Records for processing:

==========

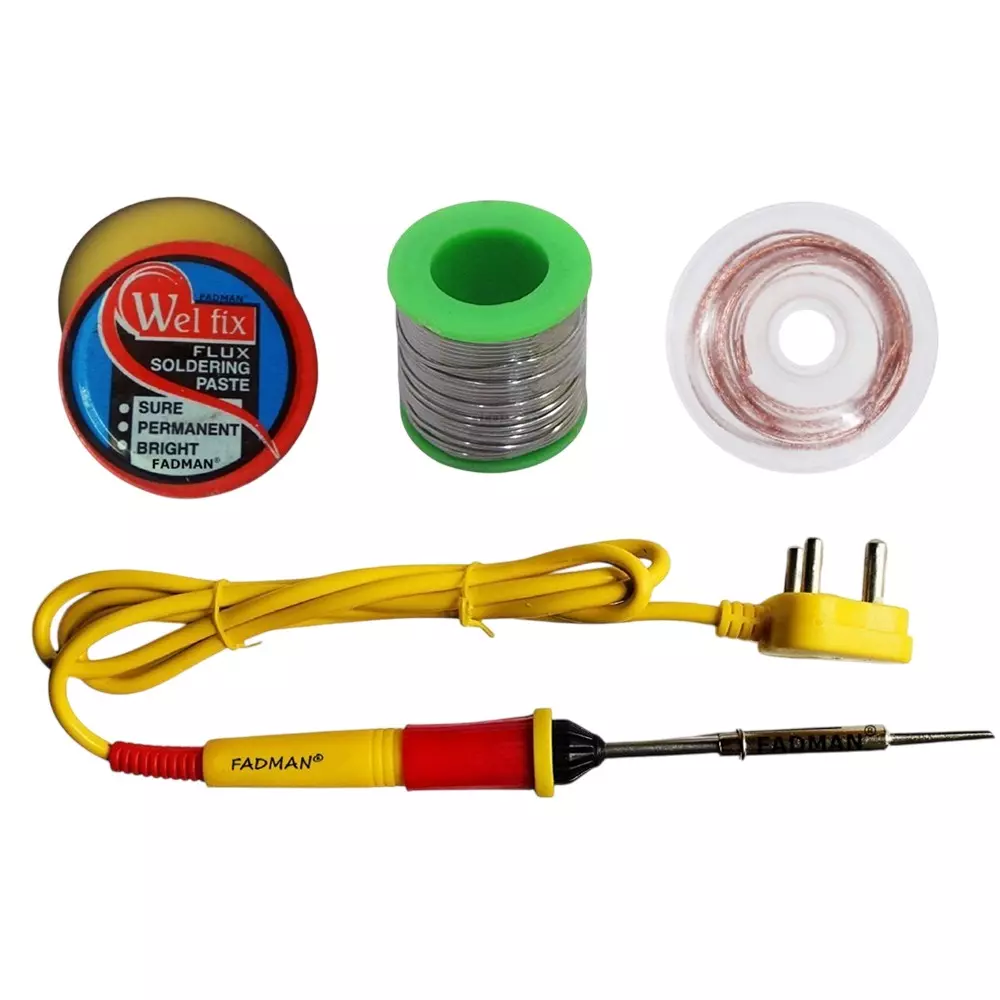 Fadman 4 In 1 Soldering Iron Kit Copper, Iron & Nickle Corded 25 W Yellow+Full Red with Solder Wire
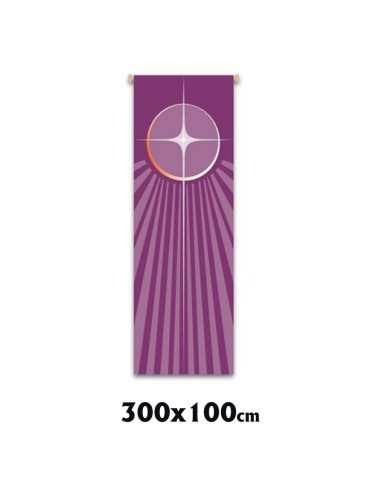 Estandarte Liturgico Morado Adviento Resplandor 300x100cm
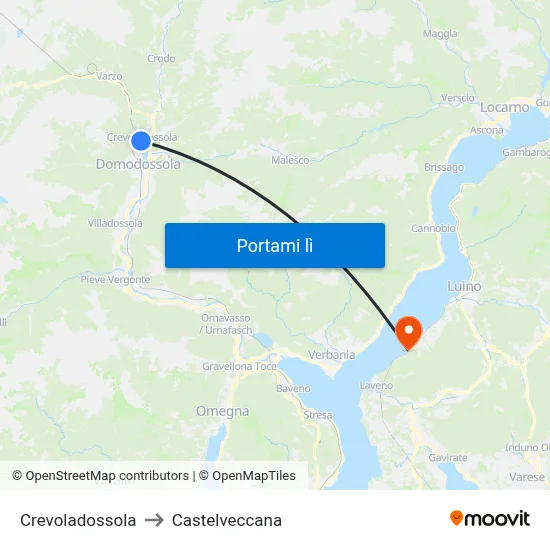 Crevoladossola to Castelveccana map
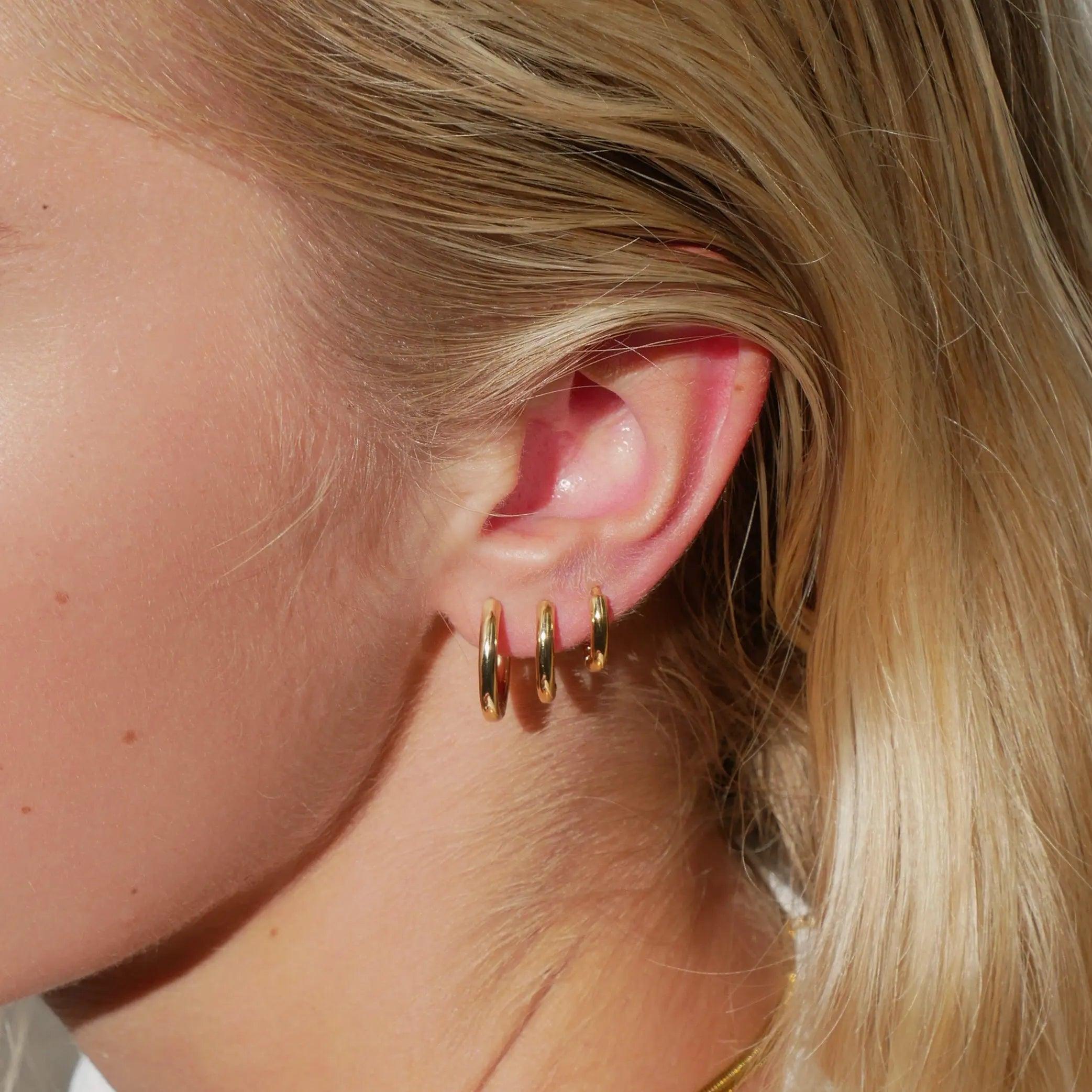 Gold Plated Statement Hoops Earrings - Elevate Your Look with Timeless Elegance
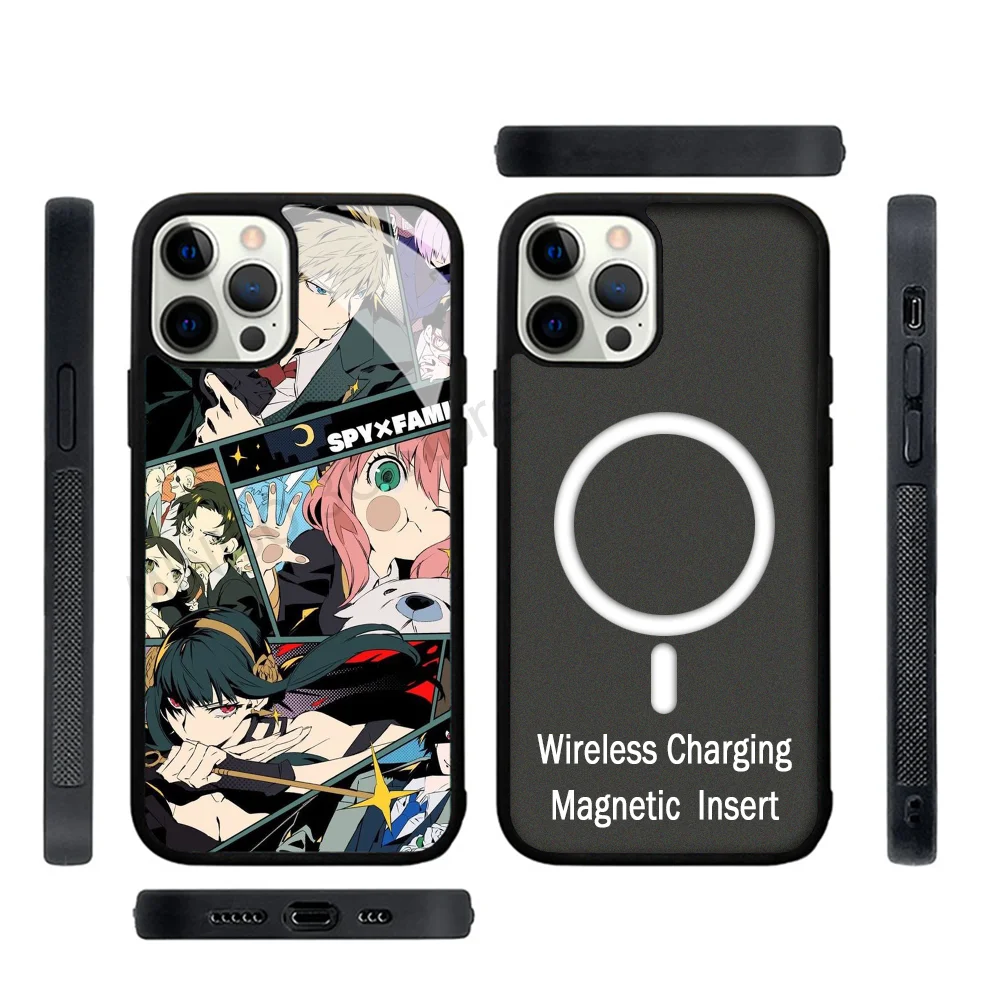 Kawaii Anya SPY X FAMILY Anime Phone Case Strong Magnetic For IPhone 15 14 13 Pro Max 11 12 Mini For Magsafe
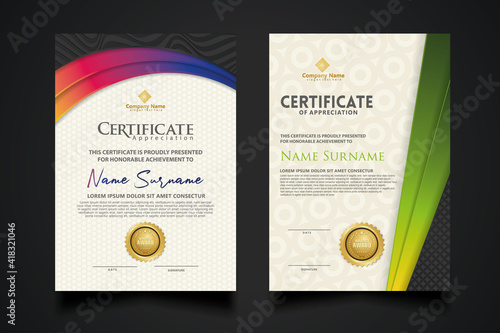 certificate template with Luxury realistic texture pattern and dynamic shapes composition gradient colors,diploma,Vector illustration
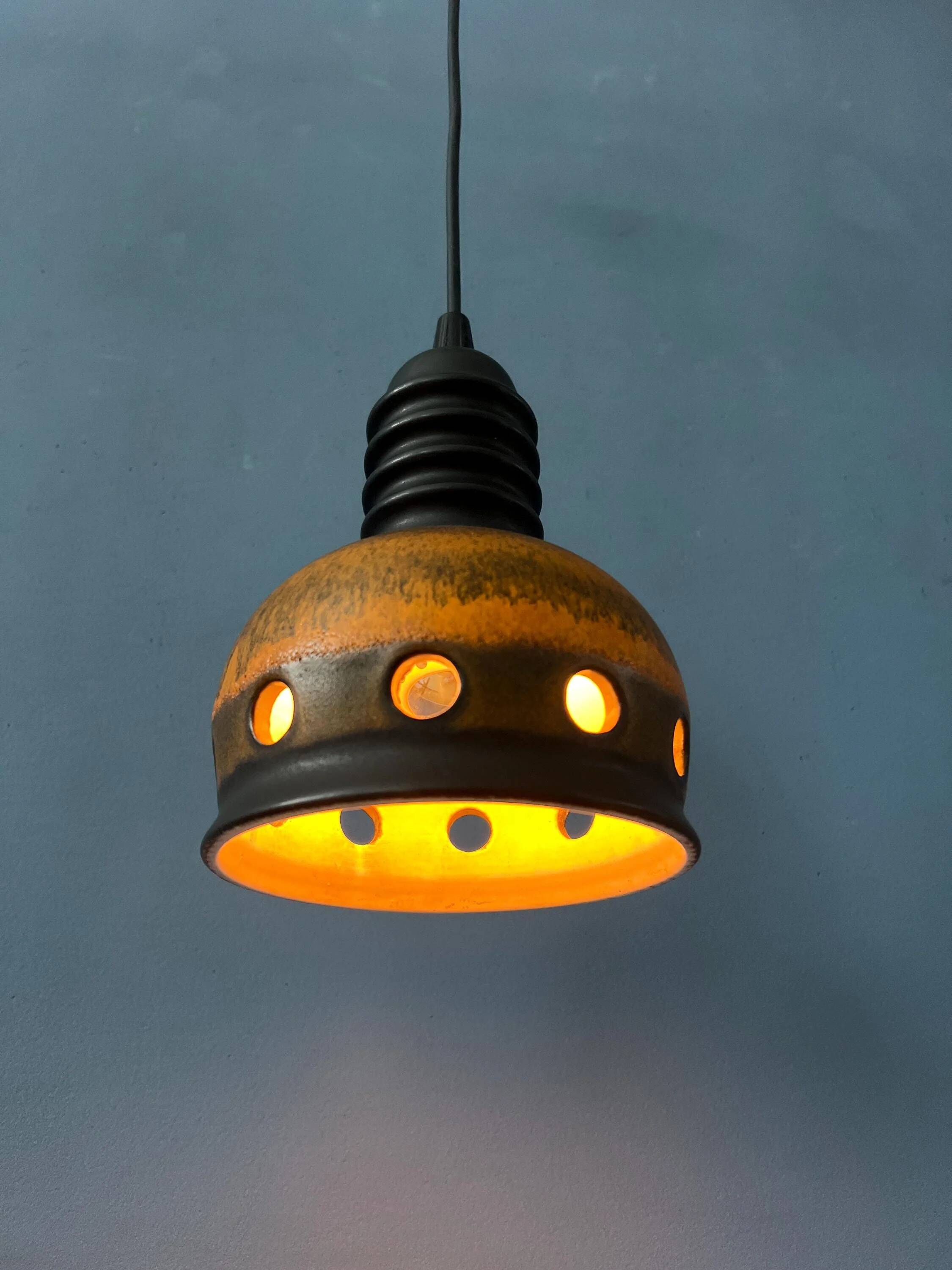 Brown ceramic pendant light Mid-Century, West Germany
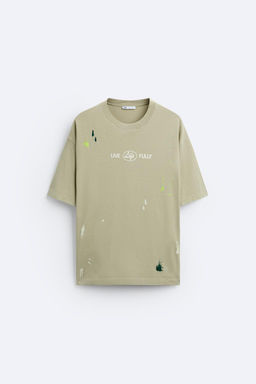 PAINT SPLATTER T-SHIRT WITH SLOGANS - Zara фото 6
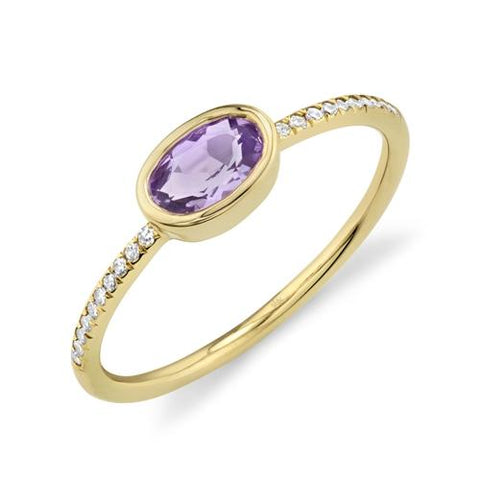 0.07CT DIAMOND AND 0.45CT AMETHYST 14K YELLOW GOLD LADY'S RING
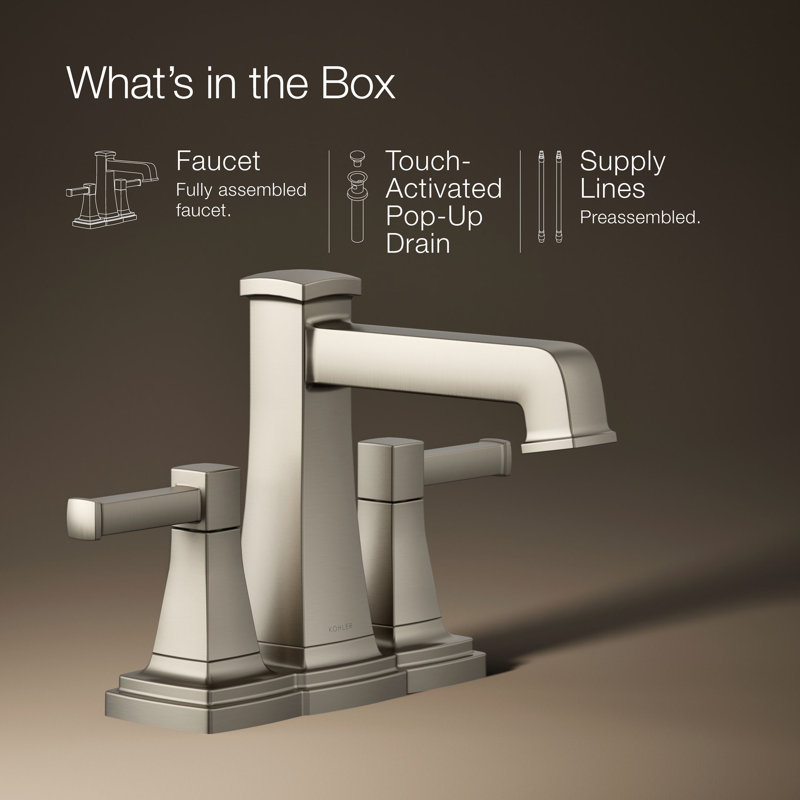 Riff Centerset Bathroom Sink Faucet, 1.2 GPM, Brushed Nickel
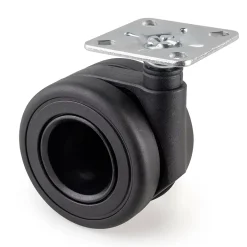 Emuca Lot de 4 roulettes Hole avec plétine de montage, diamètre 65mm, Acier, Peint en noir et Plastique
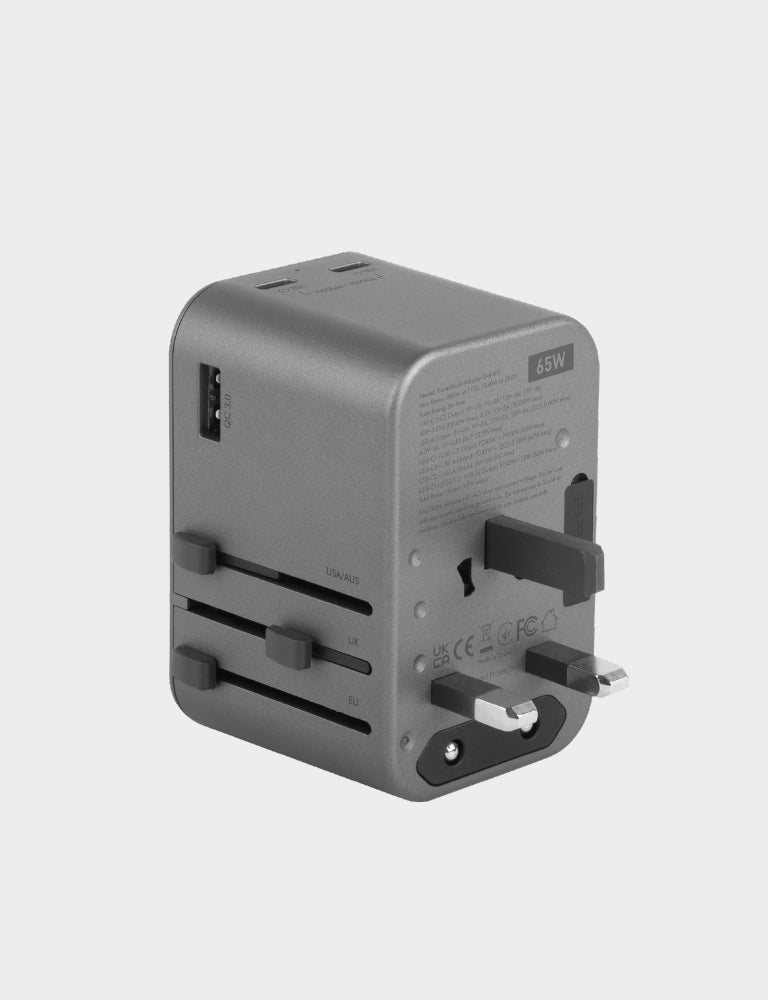 TravelWorld GaN65 Fast Charging Universal Travel Adapter - Perfect for International Trips, Business Travel & Vacation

==========

Work order: Set down word for word the lines above from the one with "PAINT SPLATTER T-SHIRT" up to and including the one with "Emuca Lot de". Omit every picture.

Completed exercise:
 PAINT SPLATTER T-SHIRT WITH SLOGANS - Zara фото 6
 0.07CT DIAMOND AND 0.45CT AMETHYST 14K YELLOW GOLD LADY'S RING
 Riff Centerset Bathroom Sink Faucet, 1.2 GPM, Brushed Nickel
 Emuca Lot de 4 roulettes Hole avec plétine de montage, diamètre 65mm, Acier, Peint en noir et Plastique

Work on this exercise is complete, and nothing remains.